Whatever traditions you associate with this alluring region of the Iberian Peninsula, you are guaranteed to encounter a wave of culture during a language trip to Malaga or Valencia.


1. The Views

Malaga: Cochino Viewpoint ‘Montes de Malaga’

Spanning nearly 5,000 hectares, the mountains of Malaga are an awe-inspiring expanse of Aleppo pine trees. Buried within, there are several hiking trails, one of which begins at Cochino Viewpoint. Cochino, meaning ‘Wild Boar’ is depicted via a scrap metal sculpture of the animal, and from here you’ll be able to take in the stunning sights of Malaga city.


Valencia: El Miguelete – Torre del Micalet

Climb the 207 steps to the top of this octagonal masterpiece. The perimeter of its 8 sides is equal to its 50 metre height, making this magnificent piece of architecture a perfect location for a 360 view of Valencia. Built in the 1300s-1400s, the gothic-style bell tower houses the inspiration for the monument’s name: the Miguel Bell.


2. The Beaches

Malaga: Malagueta

For a beautiful sandy beach on the sunny southern coast of Spain, look no further than Playa de la Malagueta. With access to water sports equipment such as sea pedalos, this beach is perfect for children and families. You also won’t need to go far to find various food and drink establishments, making this a great spot for an afternoon in the sunshine.


Valencia: La Malvarrosa

This beach offers almost 2 kilometres of golden sand for strolling, sunbathing or playing. You’ll find everything you could need for the day at Playa de la Malvarrosa, including toilets, drinking water and showers. There is an abundance of seafood restaurants, ice cream stalls and bars, ready to keep you refreshed and well-fuelled for your seaside fun.


3. The Culture

Malaga: Centre for Contemporary Art

Known as the CAC Malaga, this modern art museum is home to around 400 pieces which have been generously loaned by private art collectors. As well as its permanent instalments, the museum often benefits from temporary exhibitions to support budding Spanish artists. During your visit, look out for guest lectures and workshops for further learning experiences.


Valencia: Fallas of Valencia / Fallas Museum

The Fallas Festival in Valencia is a celebration of the arrival of spring, and involves the burning of wooden sculptures and impressive fireworks displays. The Fallas Museum pays homage to the history of the festival, and if you’re lucky enough to be visiting Valencia during March, you may just find yourself involved in some of the Fallas festivities!


4. The Language

Malaga: Larios Street

‘Calle Larios’ is one of the best ways to experience the native language during a visit to Malaga.

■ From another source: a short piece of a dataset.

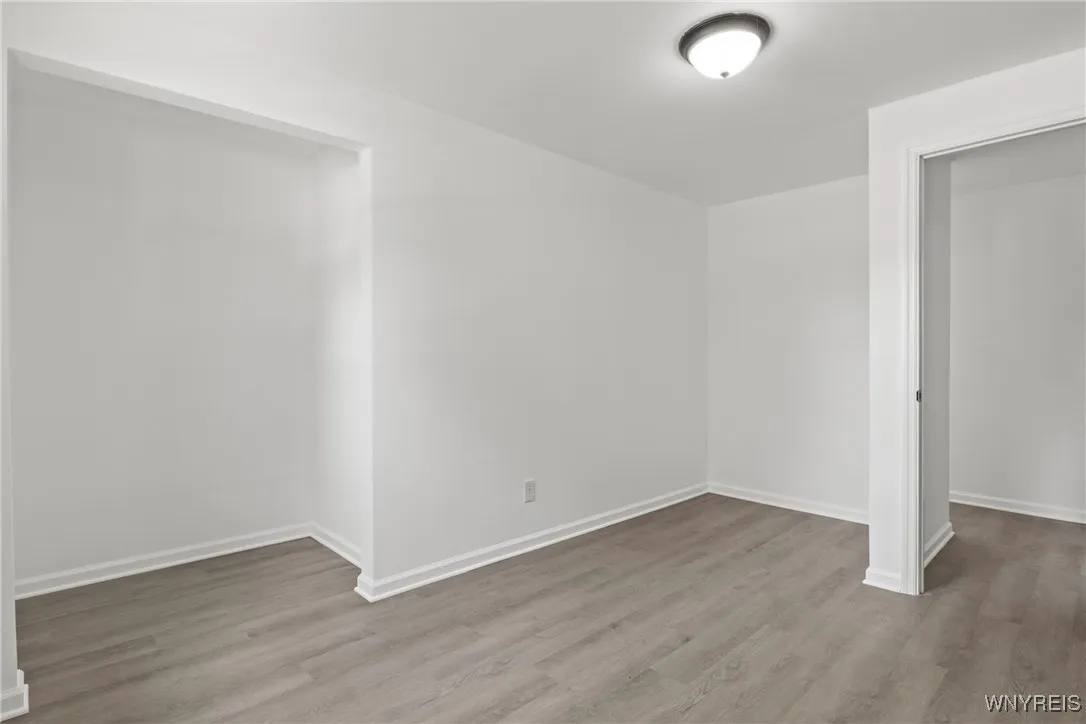 1415 100th Street, Niagara Falls, New York 14304, Niagara Falls, New York 14304, 3 Bedrooms Bedrooms, 7 Rooms Rooms,1 BathroomBathrooms,Residential,For Sale,1415 100th Street, Niagara Falls, New York 14304,B1621794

The time of year you visit will determine what you see, as Larios Street’s appearance changes with the seasons, therefore becoming known for its bustling atmosphere and cultural significance. A shopper’s paradise, this is the place for browsing the boutiques and practicing your Spanish with local retailers.


Valencia: Valencia Central Market

Soak up the surrounding architecture and experience authentic Mediterranean life at Valencia’s Central Market. Take in the colours, flavours and aromas of the 1,200 stalls, bursting with fresh produce including fruit, veg and seafood. You’ll hear many new and familiar phrases here, with a chance to chat to lots of Spanish market vendors.


5. The Food

Malaga: La Tarara de Miguel

Offering a selection of traditional Mediterranean dishes including tapas, seafood and grilled meat, this restaurant in Benalmadena has been described as a hidden gem. Food is made from fresh, local ingredients and the friendly atmosphere gives a taste of real Spanish culture.


Valencia: Restaurante Navarro

With a menu boasting a variety of authentic food such as paella and Spanish sausages, this restaurant is very popular with locals and tourists alike. Restaurante Navarro is a friendly, family-run business which has been passed down through the generations, making it very deserving of its many 5-star reviews.